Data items
————

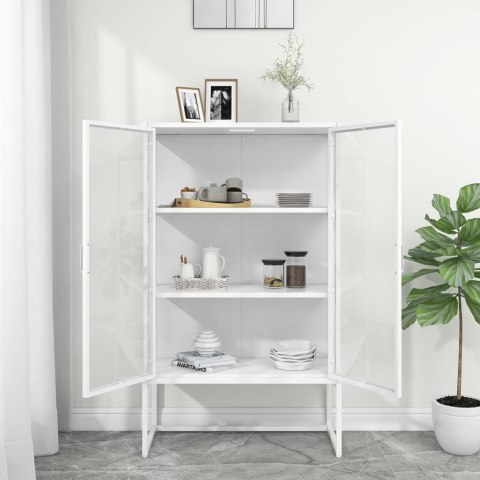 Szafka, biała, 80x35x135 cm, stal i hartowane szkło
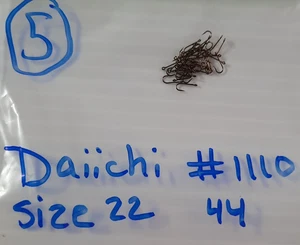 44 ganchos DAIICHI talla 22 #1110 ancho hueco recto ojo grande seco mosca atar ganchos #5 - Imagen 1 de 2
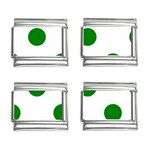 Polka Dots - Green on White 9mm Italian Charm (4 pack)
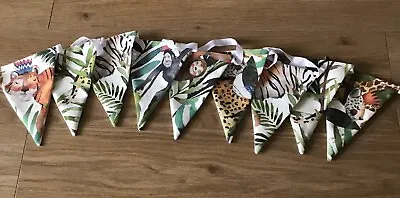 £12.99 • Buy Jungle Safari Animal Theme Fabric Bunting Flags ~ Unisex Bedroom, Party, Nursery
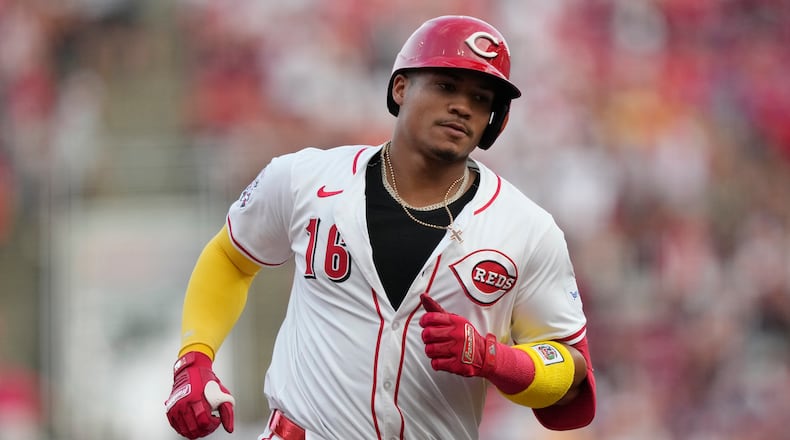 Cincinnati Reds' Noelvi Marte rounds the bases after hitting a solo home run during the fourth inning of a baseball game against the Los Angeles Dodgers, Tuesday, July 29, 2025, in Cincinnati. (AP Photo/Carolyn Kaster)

————

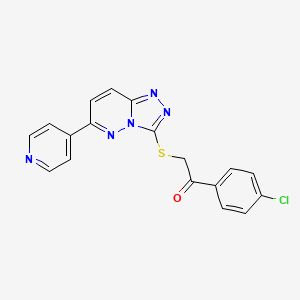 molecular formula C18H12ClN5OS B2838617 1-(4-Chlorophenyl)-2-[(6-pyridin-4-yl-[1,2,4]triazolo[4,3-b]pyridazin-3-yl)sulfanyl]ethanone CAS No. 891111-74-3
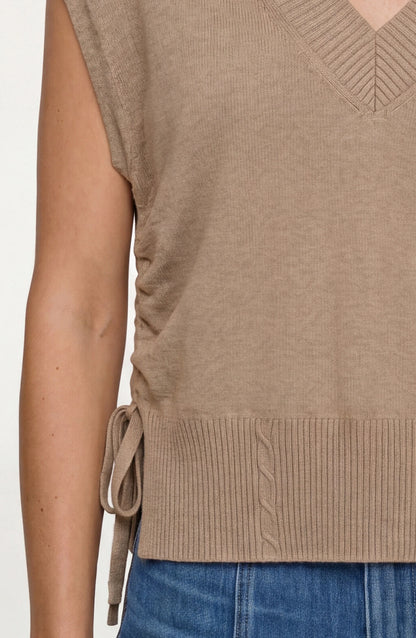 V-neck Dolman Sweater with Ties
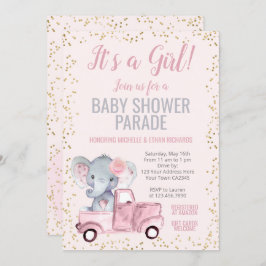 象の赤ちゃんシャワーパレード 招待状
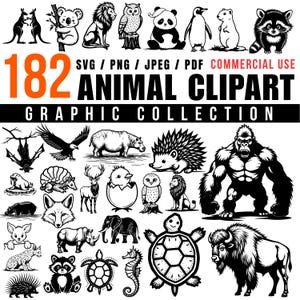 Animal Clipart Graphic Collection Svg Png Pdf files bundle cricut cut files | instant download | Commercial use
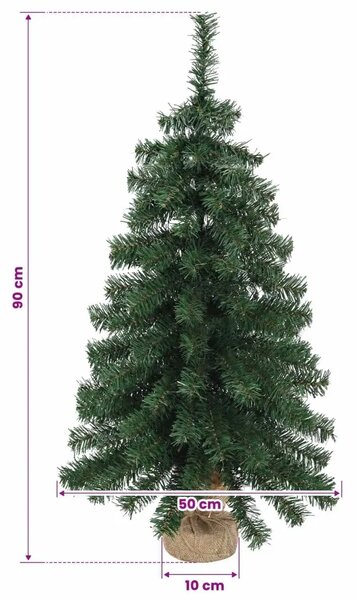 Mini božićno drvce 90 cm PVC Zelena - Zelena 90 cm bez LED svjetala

————

§ **Exercise requirements**:
Reproduce exactly the lines above starting at the line containing "Szafka, biała, 80x35x135" and ending at the line containing "Cincinnati Reds' Noelvi", including both, but not the pictures.

§ **Result below**:
 Szafka, biała, 80x35x135 cm, stal i hartowane szkło
 44 ganchos DAIICHI talla 22 #1110 ancho hueco recto ojo grande seco mosca atar ganchos #5 - Imagen 1 de 2
 Polka Dots - Green on White 9mm Italian Charm (4 pack)
 £12.99 • Buy Jungle Safari Animal Theme Fabric Bunting Flags ~ Unisex Bedroom, Party, Nursery
 Cincinnati Reds' Noelvi Marte rounds the bases after hitting a solo home run during the fourth inning of a baseball game against the Los Angeles Dodgers, Tuesday, July 29, 2025, in Cincinnati. (AP Photo/Carolyn Kaster)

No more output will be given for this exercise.